You fail to mention that if you are trying to hold a close tolerance hole pattern to an edge guess what it will be off and your holes will not be perpendicular to the surface. I have grown accustom to checking it everyday before I start anything. Same goes for checking to make sure vise is sitting straight on the table. These are command shop practices that are told to you over and over. So check the machine head often some time it doesn't take much to throw it out of whack.


----------



## Blogwitch (Nov 10, 2009)

You are perfectly correct Doc, and thank you for mentioning it.

I was just trying to explain why I didn't use a flycutter for that final operation, and it didn't occur to me to mention hole drilling as well.

Thanks

Bogs


----------



## John Rudd (Nov 10, 2009)

I must admit, that during my apprenticeship, we weren't instructed on how to do this...

Now having a vertical mill, I realise how important this can be...

Thanks for the heads up..


----------



## jabezkin (Nov 15, 2009)

FWIW Always check that the vice jaw is still square after you tighten the part. Really check square of part.

It used to be taught to twist a head in different ways with different dia cutters to form a certain geometry.


----------



## doc1955 (Nov 15, 2009)

jabezkin  said:
			
		

> FWIW Always check that the vice jaw is still square after you tighten the part. Really check square of part.
> 
> It used to be taught to twist a head in different ways with different dia cutters to form a certain geometry.

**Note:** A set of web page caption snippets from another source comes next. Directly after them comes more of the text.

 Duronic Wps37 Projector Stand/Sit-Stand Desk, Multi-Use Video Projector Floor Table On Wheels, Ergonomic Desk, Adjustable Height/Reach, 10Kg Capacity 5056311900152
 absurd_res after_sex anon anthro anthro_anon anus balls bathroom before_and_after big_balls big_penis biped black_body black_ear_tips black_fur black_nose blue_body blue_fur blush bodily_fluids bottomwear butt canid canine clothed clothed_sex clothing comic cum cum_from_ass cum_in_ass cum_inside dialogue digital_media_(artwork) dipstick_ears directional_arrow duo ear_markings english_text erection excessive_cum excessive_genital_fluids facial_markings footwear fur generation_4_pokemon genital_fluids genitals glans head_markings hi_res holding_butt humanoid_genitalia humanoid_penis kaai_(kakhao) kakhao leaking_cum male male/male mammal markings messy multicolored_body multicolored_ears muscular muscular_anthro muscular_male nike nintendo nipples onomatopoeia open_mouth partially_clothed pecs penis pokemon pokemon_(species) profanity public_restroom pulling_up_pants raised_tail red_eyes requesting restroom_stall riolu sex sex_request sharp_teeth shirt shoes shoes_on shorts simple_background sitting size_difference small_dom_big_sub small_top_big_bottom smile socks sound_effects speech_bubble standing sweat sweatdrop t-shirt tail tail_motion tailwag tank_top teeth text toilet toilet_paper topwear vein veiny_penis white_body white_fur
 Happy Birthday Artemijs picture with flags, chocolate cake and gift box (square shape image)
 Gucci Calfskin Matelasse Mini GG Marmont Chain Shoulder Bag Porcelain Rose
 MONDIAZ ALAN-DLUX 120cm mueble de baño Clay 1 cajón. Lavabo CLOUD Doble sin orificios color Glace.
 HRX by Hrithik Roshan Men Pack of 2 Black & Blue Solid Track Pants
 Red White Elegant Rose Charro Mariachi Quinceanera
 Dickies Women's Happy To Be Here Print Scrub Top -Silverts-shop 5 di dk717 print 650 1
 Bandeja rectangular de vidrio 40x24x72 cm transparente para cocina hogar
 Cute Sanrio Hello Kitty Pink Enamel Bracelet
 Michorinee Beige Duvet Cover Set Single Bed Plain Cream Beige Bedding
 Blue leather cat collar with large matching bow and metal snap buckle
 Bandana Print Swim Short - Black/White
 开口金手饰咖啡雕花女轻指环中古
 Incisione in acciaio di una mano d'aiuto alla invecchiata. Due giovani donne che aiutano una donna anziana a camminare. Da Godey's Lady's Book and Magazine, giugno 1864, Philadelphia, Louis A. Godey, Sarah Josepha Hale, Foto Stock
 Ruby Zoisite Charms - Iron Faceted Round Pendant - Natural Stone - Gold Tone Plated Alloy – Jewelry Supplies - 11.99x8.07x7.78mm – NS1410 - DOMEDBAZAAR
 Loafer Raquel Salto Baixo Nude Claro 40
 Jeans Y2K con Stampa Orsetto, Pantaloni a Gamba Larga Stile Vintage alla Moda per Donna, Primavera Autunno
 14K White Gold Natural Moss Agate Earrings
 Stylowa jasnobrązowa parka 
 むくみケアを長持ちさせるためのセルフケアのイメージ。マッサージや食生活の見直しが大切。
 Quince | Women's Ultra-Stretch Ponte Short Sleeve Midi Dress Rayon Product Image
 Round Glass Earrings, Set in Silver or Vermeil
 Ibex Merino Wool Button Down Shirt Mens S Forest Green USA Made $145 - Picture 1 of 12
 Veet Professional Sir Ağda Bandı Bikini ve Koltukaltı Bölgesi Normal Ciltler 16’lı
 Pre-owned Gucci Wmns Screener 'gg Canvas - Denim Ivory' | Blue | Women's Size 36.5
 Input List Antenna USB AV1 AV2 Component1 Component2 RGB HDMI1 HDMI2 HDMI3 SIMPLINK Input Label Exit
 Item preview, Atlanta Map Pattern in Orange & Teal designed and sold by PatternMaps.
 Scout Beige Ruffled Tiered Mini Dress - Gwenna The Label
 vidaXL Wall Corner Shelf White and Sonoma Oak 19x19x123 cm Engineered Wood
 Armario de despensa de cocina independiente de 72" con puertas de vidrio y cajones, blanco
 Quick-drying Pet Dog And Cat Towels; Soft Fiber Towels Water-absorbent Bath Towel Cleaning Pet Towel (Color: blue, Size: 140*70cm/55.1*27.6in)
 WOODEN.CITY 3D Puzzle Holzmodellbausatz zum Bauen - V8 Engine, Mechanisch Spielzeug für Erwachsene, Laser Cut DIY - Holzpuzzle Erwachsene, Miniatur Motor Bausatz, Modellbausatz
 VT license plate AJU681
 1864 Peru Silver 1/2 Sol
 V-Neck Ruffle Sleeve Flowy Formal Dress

Yes you still do change head position to create unique part geometry but if you want a square to the world cut be sure to check the head. Specially if you are trying to say bore a cylinder block unless of coarse your block cylinder is at an angle then tram head off the top of you cylinder block. I'm just saying don't take for granted the head will stay square many things can happen to bump it out so if you are working on some thing critical check first not after your done and the parts don't fit. (we have a few blokes in the shop that will do that every time).


----------



## reggie98 (Nov 15, 2009)

This post also serves as a reminder to check your drill press to see if the quill and spindle is perpendicular to the table.  It might be "good enough" for wood working, but probably could be better.


----------